La doyenne a souligné que « les coûts de l’éducation sont en hausse puisque la compétition [entre institutions] augmente. Nous sommes maintenant classés internationalement. » Il demeure que « c’est la responsabilité de l’institution de développer un programme d’assistance financière. » Mme Des Rosiers a rappelé que l’Université a distribué 89 bourses d’admission à l’intérieur de la Faculté de droit l’année dernière. Concernant l’assistance financière, Mme Des Rosiers a souligné que la Faculté se doit de donner « une meilleure réponse à ces questions ». Elle a aussi indiqué aux étudiants que ceux-ci pouvaient l’aider dans ses démarches, en rappelant qu’ils sont dotés d’une voix forte.
Dons et privatisation
Le manque de subventions venant du gouvernement provincial a, selon Mme Des Rosiers, conduit à la privatisation, ce qui accroit l’importance des donateurs. « L’Université a eu à se privatiser davantage. Ainsi, ils ont commencé à faire plus de collecte de fonds, comparativement à ce qui se faisait avant. Dans le passé, les doyens ne s’occupaient pas de collecte de fonds. Maintenant, je fais cela deux jours par semaine, voire même trois. »

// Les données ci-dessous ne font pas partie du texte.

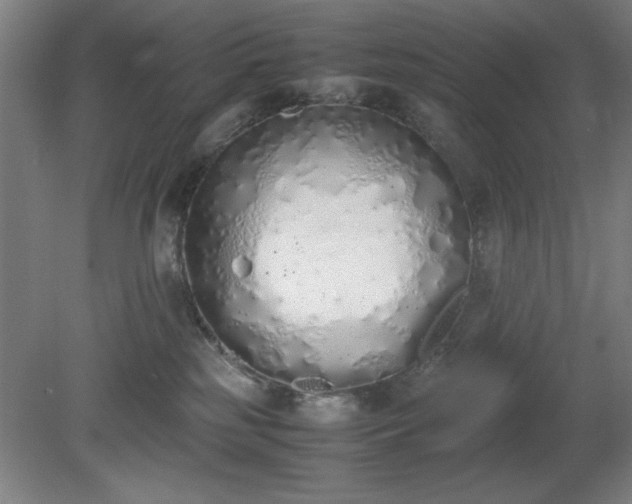 X0000081270185200701181726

L’oratrice a indiqué, en comparant le système universitaire canadien au système américain, que l’aide gouvernementale a toujours été notre façon de financer les universités. Maintenant que ce financement est réduit, l’Université doit collecter plus de dons. Mme Des Rosiers a d’ailleurs fait un appel aux étudiants présents, dans le but d’identifier de possibles donneurs. Elle a indiqué que « si vous avez des idées de gens que je devrais consulter et rencontrer », cela serait possiblement bénéfique.
Eric Girard a rappelé que « beaucoup de gens sont forcés de quitter. C’est un peu différent avec le programme de droit, parce que les étudiants investissent tellement d’argent, soit près de 15 000 $ par année. » Ainsi, lorsque des étudiants doivent partir après deux années perdues, c’est une perte énorme. Mme Des Rosiers a indiqué qu’une réponse à la lettre d’Eric avait été envoyée au Globe and Mail. L’histoire demeure à suivre.